The transverse discs can be designed such that the outflow of liquid or centrifuged liquid is effected over the entire diameter of the transverse discs.

Preferably, the openings of the transverse discs are configured such that they have different geometries and/or opening sizes and/or arrangement patterns.

The geometry of the opening is understood to be the shape of the opening. The transverse disk may have a plurality of openings having different geometries.

In other words, the opening size of the opening relates to the opening area. Through the size of the openings, liquid can flow through and/or out. The openings may have different sizes in terms of opening size.

An arrangement pattern is to be understood as an arrangement of a plurality of openings, wherein at least two openings form one opening group, wherein the plurality of opening groups can be arranged distributed over the transverse disk. Furthermore, the transverse disc may have a set of openings forming a plurality of openings evenly distributed across the transverse disc. Preferably, the set of openings is formed by a plurality of identically configured openings. The same type of openings is to be understood as openings having the same geometry and the same cross-sectional area.

In one embodiment of the invention, the transverse disk has a plurality of openings which are configured to be cam-shaped or oval or elliptical. Preferably, such openings are arranged in pairs. A pair of such openings thus forms a group of openings. A plurality of such groups of openings can in turn be arranged uniformly on the transverse disc.

A cam-shaped opening is understood to mean an opening which essentially has the shape, in particular the cross-sectional shape, of the cam of the camshaft. In particular, such openings have a steep cam shape. In other words, such an opening is formed by two circular segments, the radial center points of which lie on a common mirror axis of the opening. The circular segments are in turn connected to one another in part by straight lines.

Furthermore, the opening can be oval or elliptical in shape. In a particularly preferred embodiment of the invention, two openings of this type are arranged one behind the other in such a way that they form a group of openings.

In a particularly preferred embodiment of the invention, every six openings are cam-shaped or oval or elliptical, wherein every two openings form a group of openings. The three formed groups of openings are thus arranged uniformly in the circumferential direction on the transverse disk.

Furthermore, the transverse disk can have, starting from the transverse disk circumference, a plurality of openings which are configured as recesses in the transverse disk circumference.

These recesses are preferably U-shaped.

Such recesses, in particular U-shaped recesses, are preferably again arranged in pairs. In a particularly preferred embodiment, the transverse disk has six such recesses, in particular six such U-shaped recesses. Two of these voids form a group of openings. The three formed groups of openings are thus arranged uniformly in the circumferential direction on the transverse disk. Preferably, each of the opening groups constituted by the U-shaped void portions alternates with the opening group constituted by the cam-shaped openings in the circumferential direction.

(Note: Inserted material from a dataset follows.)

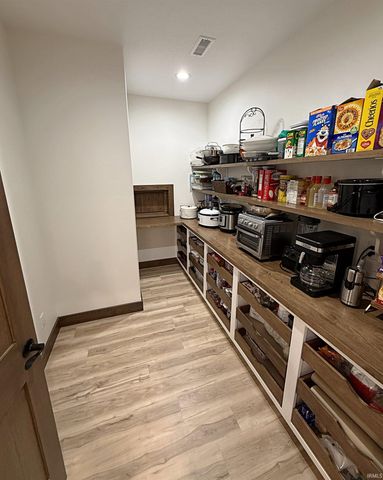 3 Persimmon Lane, Loogootee, IN 47553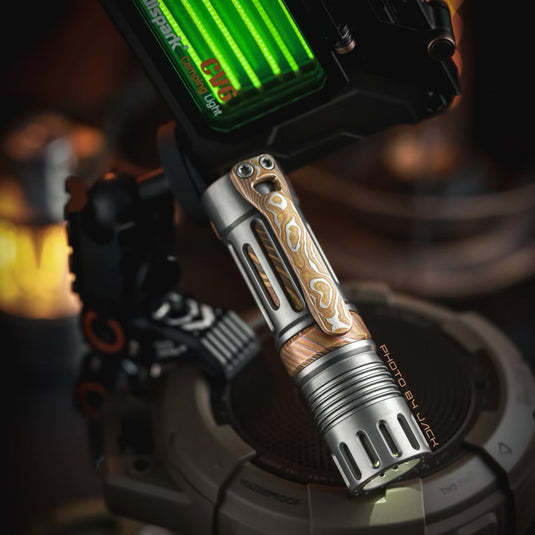 FLASHLIGHTS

Preferably, the U-shaped recess has a length in the direction of the center point of the transverse disk such that, in a radial extension from the center point to the periphery of the transverse disk, the U-shaped recess lies at least partially on a uniform circumferential line with respect to the cam-shaped opening.

It is furthermore possible for the transverse disk to have a plurality of openings of circular configuration.

Preferably, the circularly configured openings are arranged in pairs. In other words, two circular openings form one opening group.

Again preferably, there are six openings configured in a circular configuration. Six such openings may form three groups of openings having a circular shape. These groups of openings are in turn arranged uniformly in the circumferential direction on the transverse disc.

Furthermore, it is possible for the circularly formed openings to be arranged as individual openings, that is to say not as an opening group. Furthermore, it is possible for the transverse disk to have a plurality of different embodiments of the opening in a circular configuration. For example, the first type of circularly configured openings may be arranged as a group of openings. The second type of circularly configured openings may each be arranged as a single opening.

In a further preferred embodiment of the invention, the opening groups each consisting of circular openings and the opening groups consisting of U-shaped recesses are formed in the same circular section. The group of openings with circular openings is formed internally, i.e. in the direction of the center point.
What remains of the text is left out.